2 cans (14 oz) chicken broth
1 can (14 oz) vegetable broth
1 can (10 oz) white meat chicken undrained
3/4 c shredded carrots
4 c. wide egg noodles
salt and pepper to taste

Bring broth to boiling in a large soup pot or saucepan. Add carrots, noodles, chicken, and juice; cover pot and bring back to a b oil. Uncover pot, season, and cook 6 minutes more. Serves 4.



Chicken and White Bean Chili
Ruthann Eucker

Saute in 2 T olive oil until tender:
1 small onion diced
1/2 t. garlic
1/2 orange pepper diced

Add;
1 can green chili peppers
1 T chili pepper
1 T cumin
1 T cilantro
1 pint canned chicken with juice

Stir together and add:
5-6 c. cooked white beans
2 c. water and 2 chicken boullion cubes
Salt to taste
Simmer 20 minutes or until flavors blend


Taco Soup
Darla Green

2 chicken breasts
1 t. chili powder
1 small onion, diced
?t. cumin
1 c. water
? t. crushed garlic
16 o can stewed tomatoes
dash of red pepper
14-16 oz can black beans
14-16 oz can corn
small can sliced olives
tortilla chips
grated cheese
salt and pepper to taste

Simmer chicken and onion in water until cooked. Dice chicken. Add (with all juices) the tomatoes, beans, corn, olives, chili powder, cumin, garlic, cayenne pepper, salt and pepper. Simmer 15 minutes. Spoon into soup bowls. Top with tortilla chips and grated cheese.

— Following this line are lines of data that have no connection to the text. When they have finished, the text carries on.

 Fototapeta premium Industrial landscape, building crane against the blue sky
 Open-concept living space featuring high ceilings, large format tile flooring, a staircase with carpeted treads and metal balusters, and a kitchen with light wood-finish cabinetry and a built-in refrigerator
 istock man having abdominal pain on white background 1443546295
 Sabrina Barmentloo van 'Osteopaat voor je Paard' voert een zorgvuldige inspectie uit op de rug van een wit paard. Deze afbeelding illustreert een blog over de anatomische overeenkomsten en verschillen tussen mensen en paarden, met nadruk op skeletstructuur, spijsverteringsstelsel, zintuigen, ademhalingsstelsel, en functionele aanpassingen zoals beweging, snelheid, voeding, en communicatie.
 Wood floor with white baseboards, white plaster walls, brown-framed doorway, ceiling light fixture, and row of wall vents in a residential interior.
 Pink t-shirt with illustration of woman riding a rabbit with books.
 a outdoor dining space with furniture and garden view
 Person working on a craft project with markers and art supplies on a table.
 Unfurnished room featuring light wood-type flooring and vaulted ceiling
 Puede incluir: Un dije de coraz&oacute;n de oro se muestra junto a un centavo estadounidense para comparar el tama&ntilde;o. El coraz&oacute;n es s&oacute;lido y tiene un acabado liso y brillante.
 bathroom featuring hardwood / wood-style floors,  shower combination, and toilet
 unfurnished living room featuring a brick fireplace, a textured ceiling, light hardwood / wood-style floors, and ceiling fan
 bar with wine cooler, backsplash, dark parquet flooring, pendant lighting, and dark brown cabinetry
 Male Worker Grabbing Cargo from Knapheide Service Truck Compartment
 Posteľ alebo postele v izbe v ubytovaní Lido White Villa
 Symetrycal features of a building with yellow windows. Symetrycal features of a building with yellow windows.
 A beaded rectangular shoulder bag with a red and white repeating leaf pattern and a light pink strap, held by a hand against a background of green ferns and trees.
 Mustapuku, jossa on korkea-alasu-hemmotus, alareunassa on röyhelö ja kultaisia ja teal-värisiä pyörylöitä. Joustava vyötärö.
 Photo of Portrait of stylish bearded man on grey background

To make Taco Soup using only food storage items substitute

for the: substitute:
onion 1 tsp onion powder
garlic 1/4 t. garlic powder
tortilla chips 1T. coarsley ground cornmeal (simmered w other ingredients)
chicken breast Omit (as I did) or use canned chicken


Salsa Chicken
Rachael McCauley

1 jar salsa
4 chicken breasts or 2 cans chicken
1 can corn
1 can black beans
corn tortillas or tortilla chips
cheese (opt)
sour cream (opt)

Put chicken and salsa in crockpot, cook on low for 3-4 hours (1-2 hours if canned chicken). Add black beans and corn the last hour. Cook tortillas in a pan on stovetop with a little oil and salt to make into tacos, add cheese and sour cream OR serve with tortilla chips, cheese and sour cream.